Material shown >>
* * *
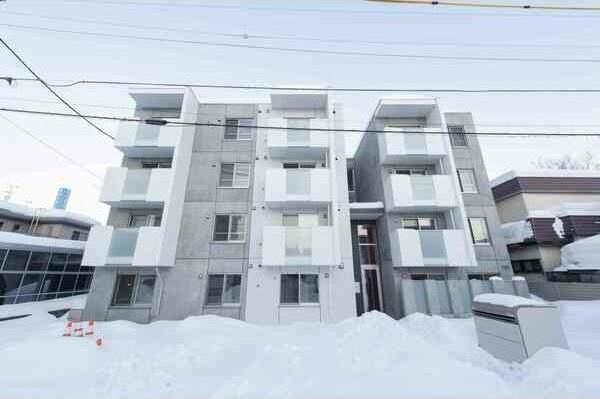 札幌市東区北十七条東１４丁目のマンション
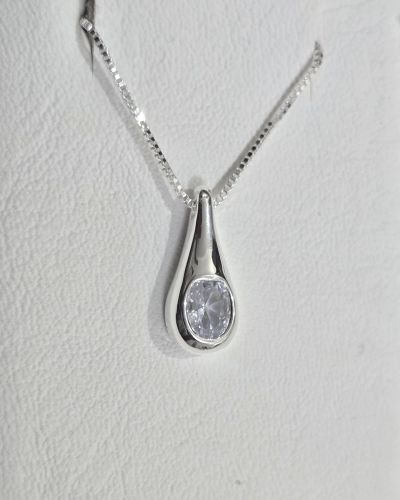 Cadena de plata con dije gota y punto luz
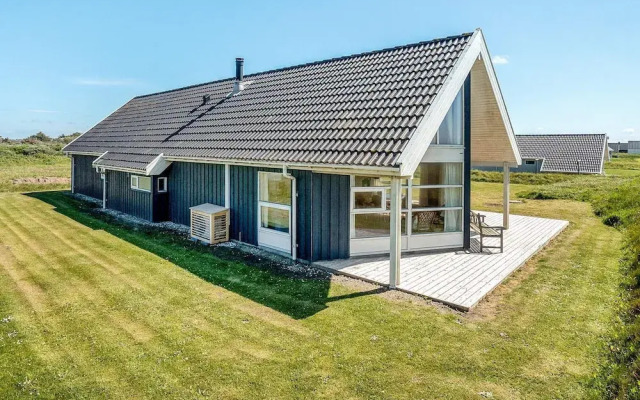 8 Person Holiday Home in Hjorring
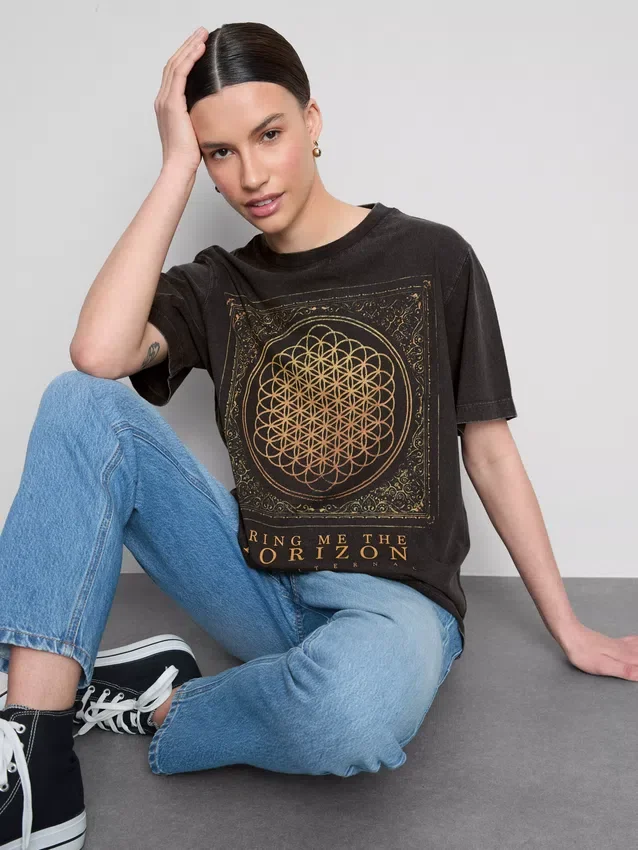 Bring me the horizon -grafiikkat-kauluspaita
* * *
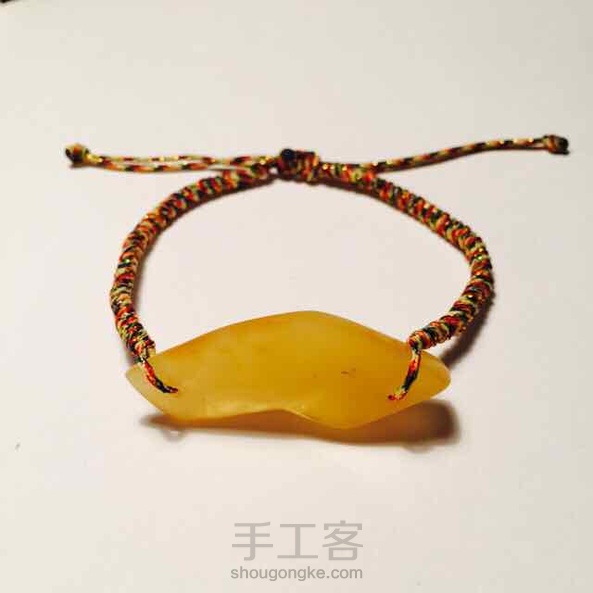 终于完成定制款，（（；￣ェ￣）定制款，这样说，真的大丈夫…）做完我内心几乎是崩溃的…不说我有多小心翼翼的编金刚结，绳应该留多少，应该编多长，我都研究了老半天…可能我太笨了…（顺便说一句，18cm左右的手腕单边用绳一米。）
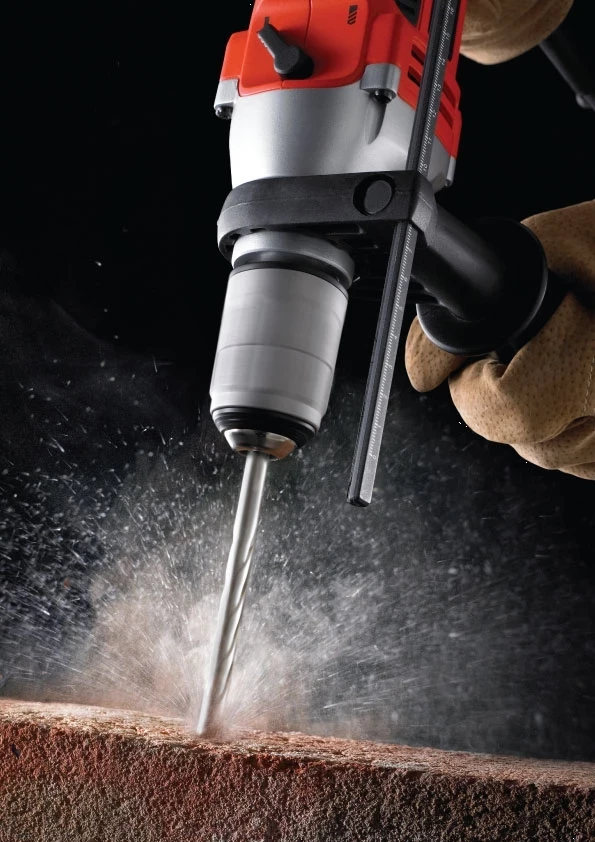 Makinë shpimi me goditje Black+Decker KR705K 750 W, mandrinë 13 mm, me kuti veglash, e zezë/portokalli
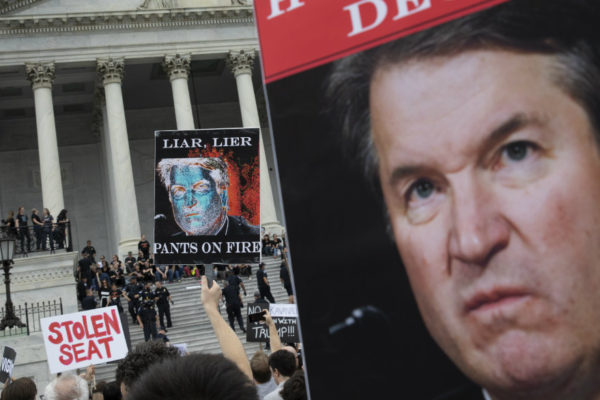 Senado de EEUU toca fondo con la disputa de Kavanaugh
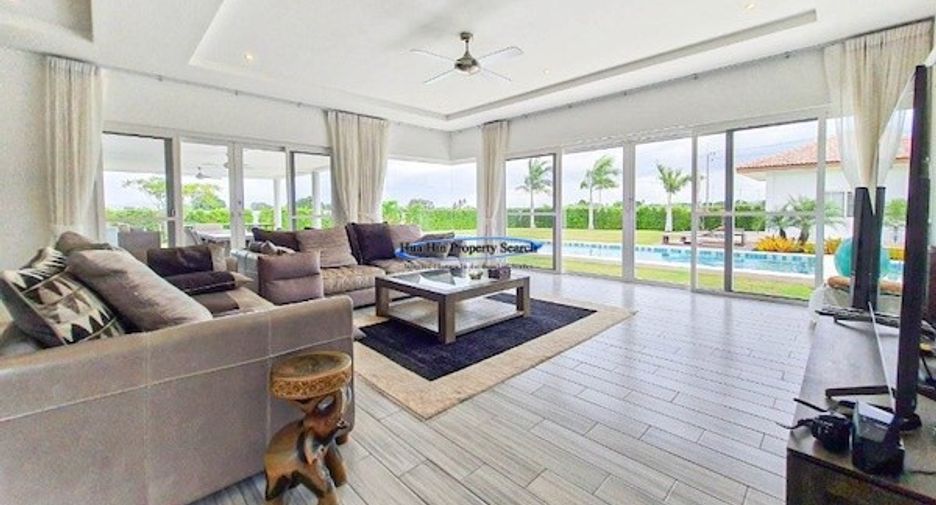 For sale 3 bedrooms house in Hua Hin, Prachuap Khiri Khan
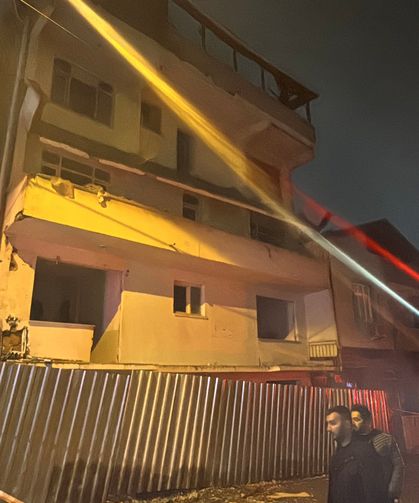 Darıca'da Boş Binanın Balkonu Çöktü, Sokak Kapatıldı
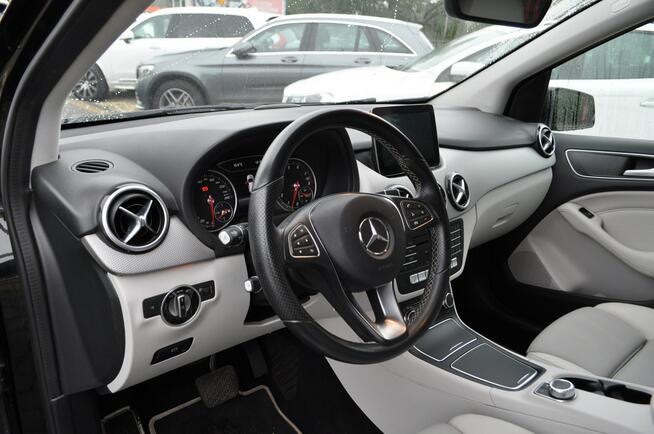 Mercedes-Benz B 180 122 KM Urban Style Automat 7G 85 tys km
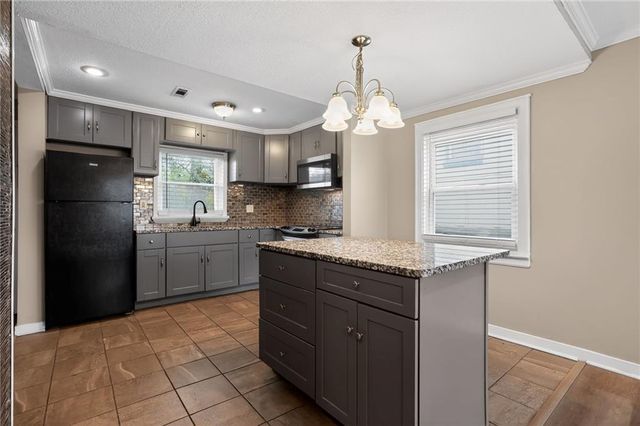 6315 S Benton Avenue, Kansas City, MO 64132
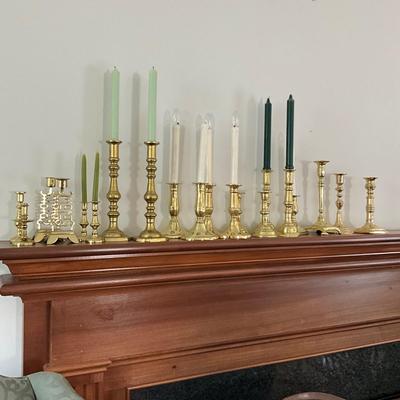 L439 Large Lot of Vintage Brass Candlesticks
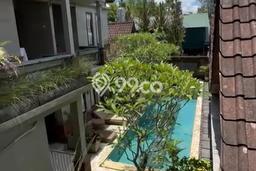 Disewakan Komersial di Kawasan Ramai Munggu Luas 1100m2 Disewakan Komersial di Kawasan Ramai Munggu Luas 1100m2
* * *
What the exercise asks >> Set the pictures aside and reproduce exactly the lines above, from the line holding "Darıca'da Boş Binanın" through the line holding "Luas 1100m2 Disewakan", both included, with nothing else.

Output of the exercise >>
 Darıca'da Boş Binanın Balkonu Çöktü, Sokak Kapatıldı
 Mercedes-Benz B 180 122 KM Urban Style Automat 7G 85 tys km
 6315 S Benton Avenue, Kansas City, MO 64132
 L439 Large Lot of Vintage Brass Candlesticks
 Disewakan Komersial di Kawasan Ramai Munggu Luas 1100m2 Disewakan Komersial di Kawasan Ramai Munggu Luas 1100m2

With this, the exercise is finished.